*** Source data ***

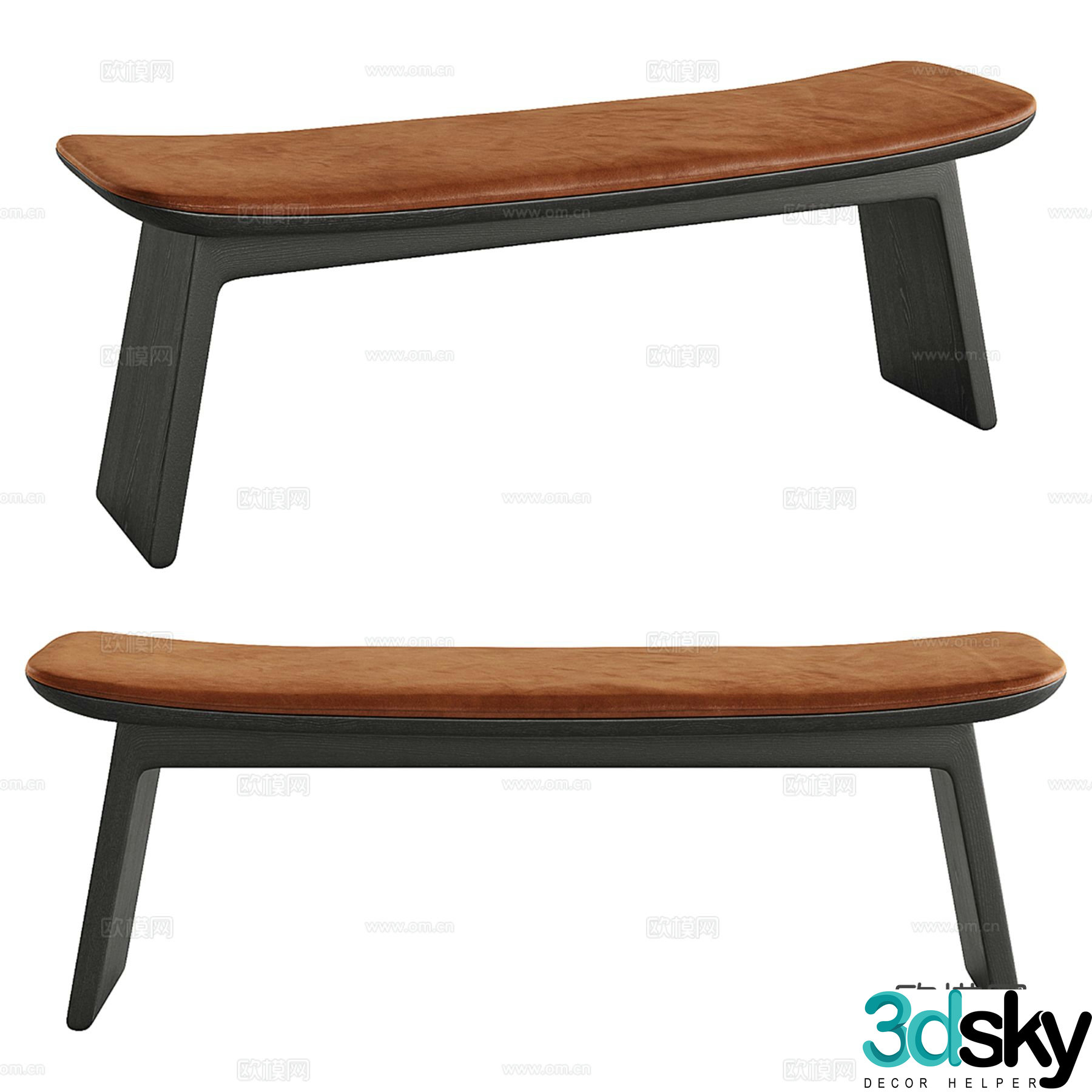 Modern footrest sofa stool 3d model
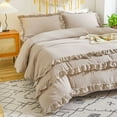 thumbnail image 5 of MOOWOO Shabby Chic Khaki 2 Pieces Bedding,Vintage Ruffled Queen Duvet Cover Set with Layers Ruffles,Soft Brushed Microfiber Set with Zipper Closure,Lightweight Duvet Cover Set, 5 of 5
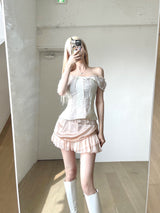 1232. Aerin satin chiffon cancan mini sk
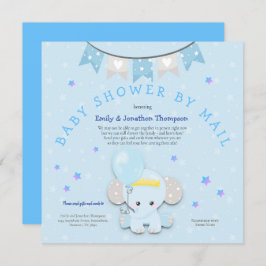 Niedlich Blue Elephant Baby Dusche per Mail Einladung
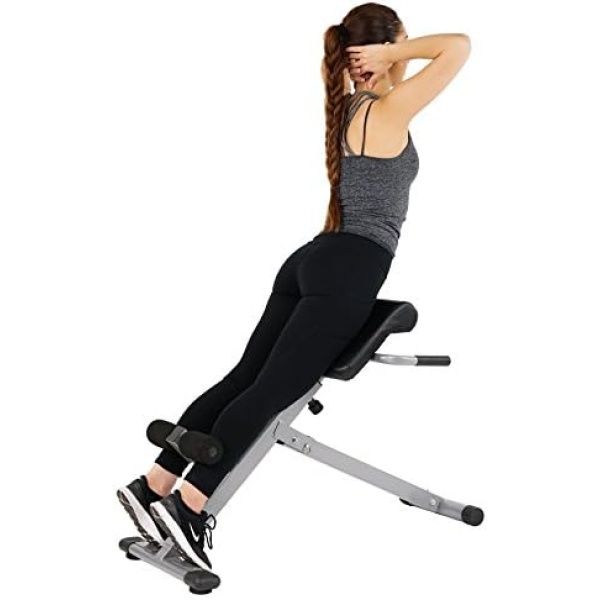 Sunny Health & Fitness Hyperextension Roman Chair Ab Workouts Sit Up Gym Bench - Image 5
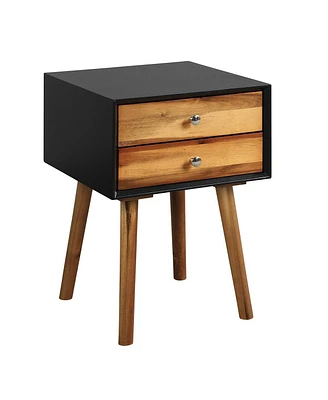 Sugift Mid-Century Wooden Multipurpose End Table with 2 Storage Drawers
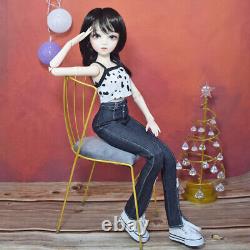 1/3 BJD Fashion Doll 18 Joints Girl Body with Vest Pants Shoes Wigs Full Set Toy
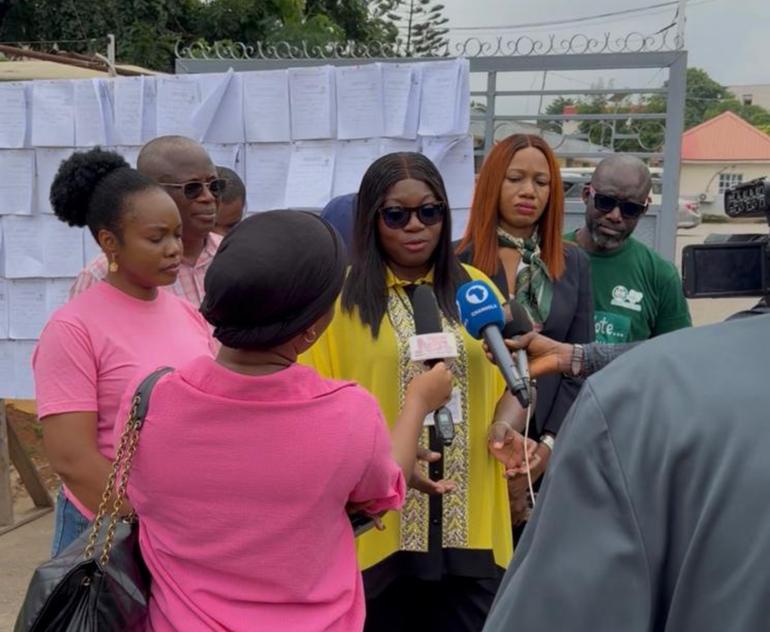 Mrs. Bimbo Oladunjoye, Administrative Secretary representing the FCT REC, briefing news correspondents at the official launch of the public display exercise.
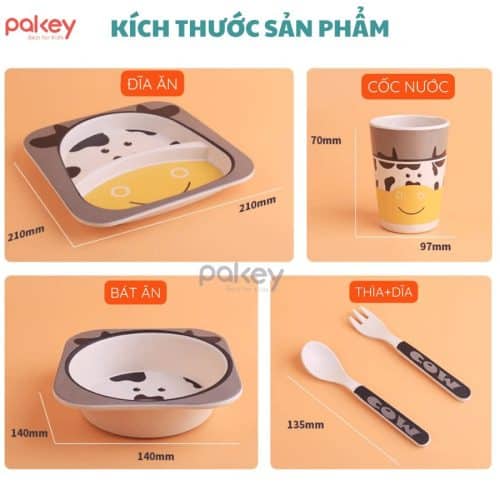 Đĩa ăn chính có sức chứa lớn, bát đựng súp sâu lòng hạn chế thức ăn rơi ra ngoài.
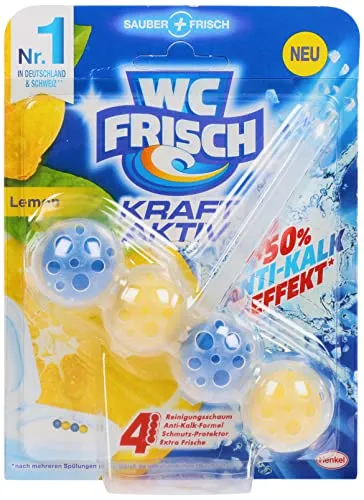 WC-Frisch Kraft Aktiv Duftspüler Lemon, WC-Reiniger, 1 Stück, mit Lufterfrischer Effekt für einen intensiven Duft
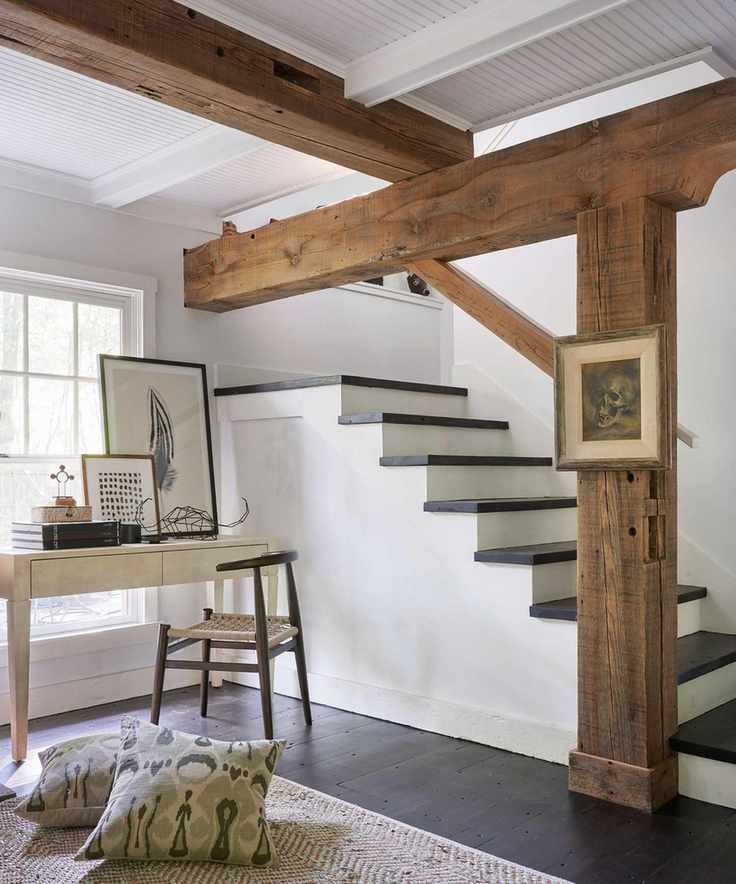 Basement with exposed beams and wooden features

*** End of Source data ***

- [Exercise directions]: The answer must be an exact copy of the records, with no images in it.

- [Written solution]:
 Modern footrest sofa stool 3d model
 thumbnail image 5 of MOOWOO Shabby Chic Khaki 2 Pieces Bedding,Vintage Ruffled Queen Duvet Cover Set with Layers Ruffles,Soft Brushed Microfiber Set with Zipper Closure,Lightweight Duvet Cover Set, 5 of 5
 1232. Aerin satin chiffon cancan mini sk
 Niedlich Blue Elephant Baby Dusche per Mail Einladung
 Sunny Health & Fitness Hyperextension Roman Chair Ab Workouts Sit Up Gym Bench - Image 5
 Sugift Mid-Century Wooden Multipurpose End Table with 2 Storage Drawers
 1/3 BJD Fashion Doll 18 Joints Girl Body with Vest Pants Shoes Wigs Full Set Toy
 Mrs. Bimbo Oladunjoye, Administrative Secretary representing the FCT REC, briefing news correspondents at the official launch of the public display exercise.
 Đĩa ăn chính có sức chứa lớn, bát đựng súp sâu lòng hạn chế thức ăn rơi ra ngoài.
 WC-Frisch Kraft Aktiv Duftspüler Lemon, WC-Reiniger, 1 Stück, mit Lufterfrischer Effekt für einen intensiven Duft
 Basement with exposed beams and wooden features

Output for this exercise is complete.